◆ Work to complete
Please set down only the lines below starting with the line with "Stowmarket Cottage |" and going on through the line with "Pearl Close Bridgwater", verbatim and without pictures.
##### Data supplied
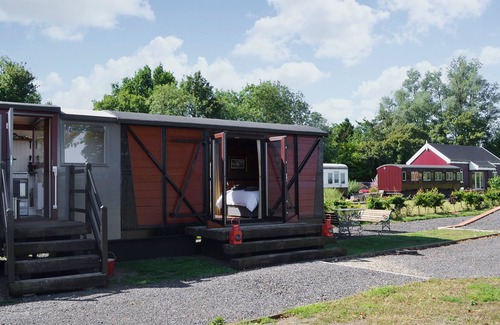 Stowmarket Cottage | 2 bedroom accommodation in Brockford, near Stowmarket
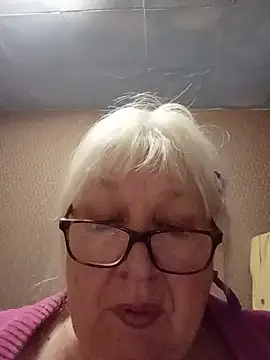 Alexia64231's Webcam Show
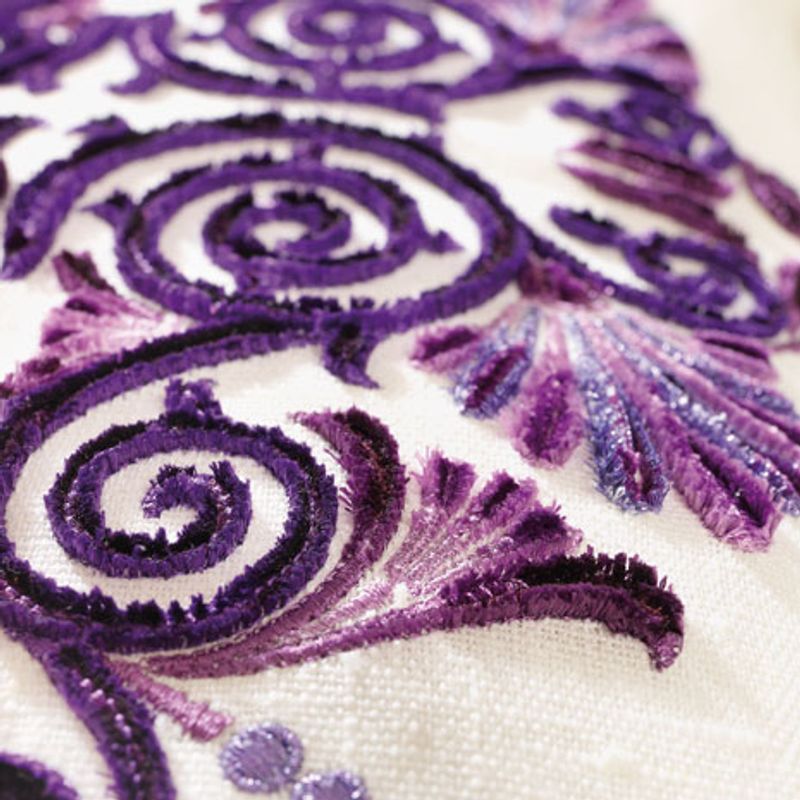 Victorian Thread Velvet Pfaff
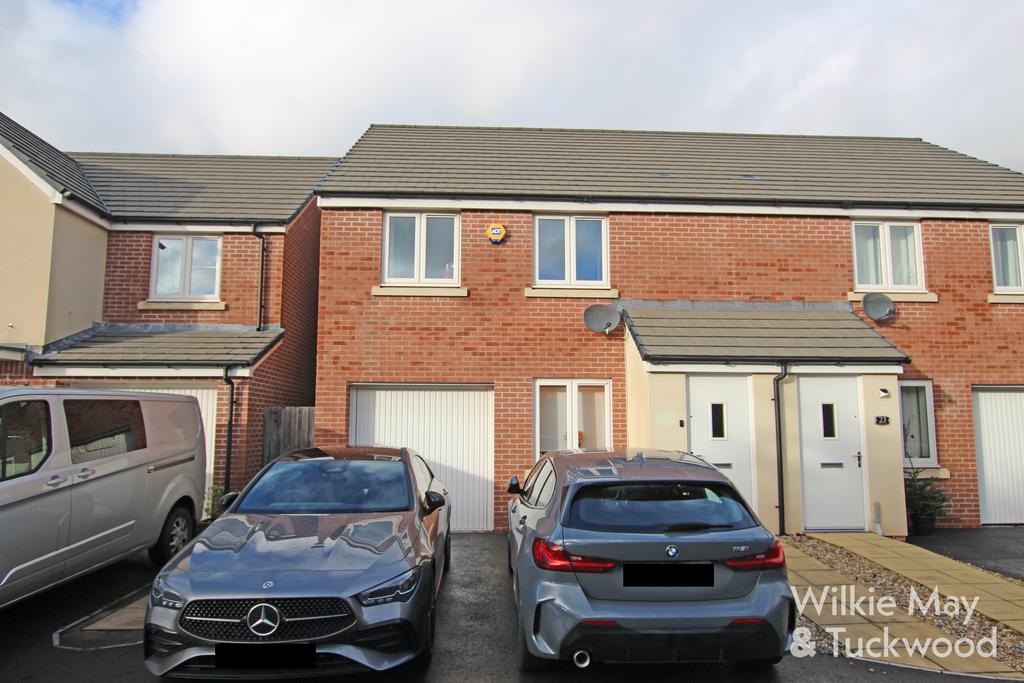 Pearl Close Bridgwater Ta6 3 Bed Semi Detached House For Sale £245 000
##########
##### Data supplied
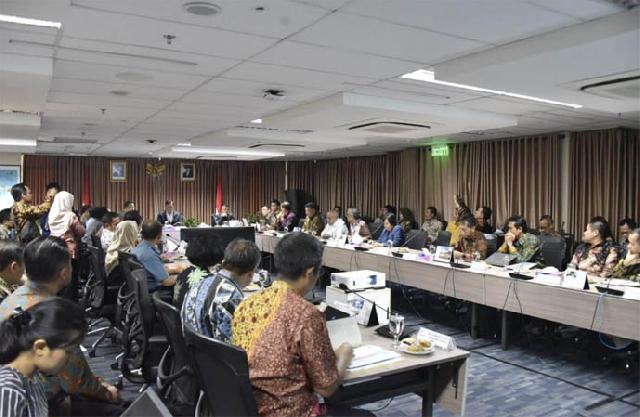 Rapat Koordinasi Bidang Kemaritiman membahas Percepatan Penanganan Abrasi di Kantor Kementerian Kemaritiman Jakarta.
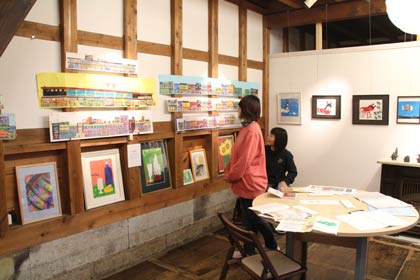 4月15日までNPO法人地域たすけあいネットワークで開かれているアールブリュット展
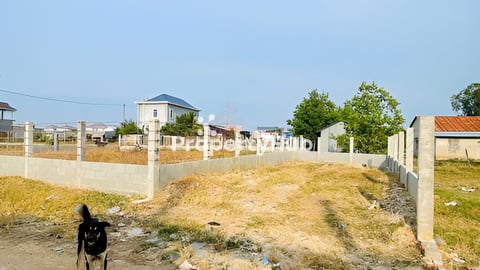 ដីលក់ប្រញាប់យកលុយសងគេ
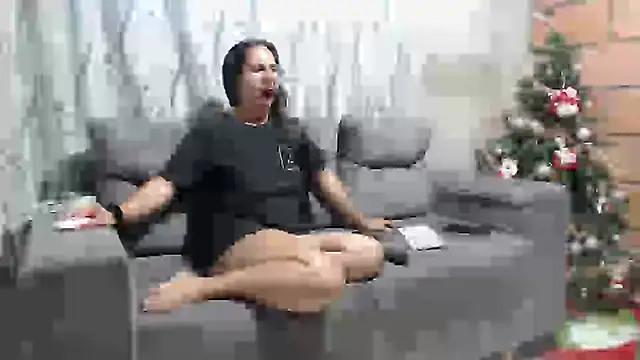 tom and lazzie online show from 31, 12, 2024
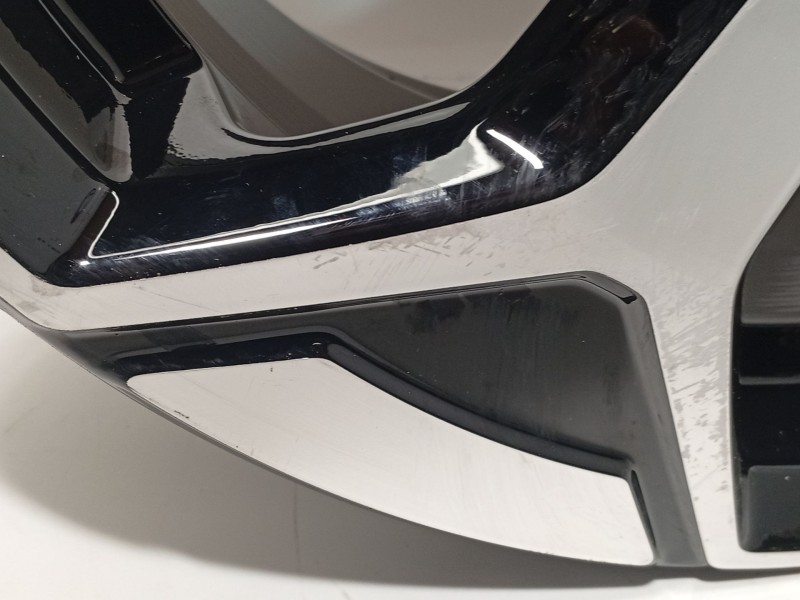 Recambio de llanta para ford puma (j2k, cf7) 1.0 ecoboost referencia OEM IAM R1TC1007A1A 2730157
##########
◆ Exercise response
 Stowmarket Cottage | 2 bedroom accommodation in Brockford, near Stowmarket
 Alexia64231's Webcam Show
 Victorian Thread Velvet Pfaff
 Pearl Close Bridgwater Ta6 3 Bed Semi Detached House For Sale £245 000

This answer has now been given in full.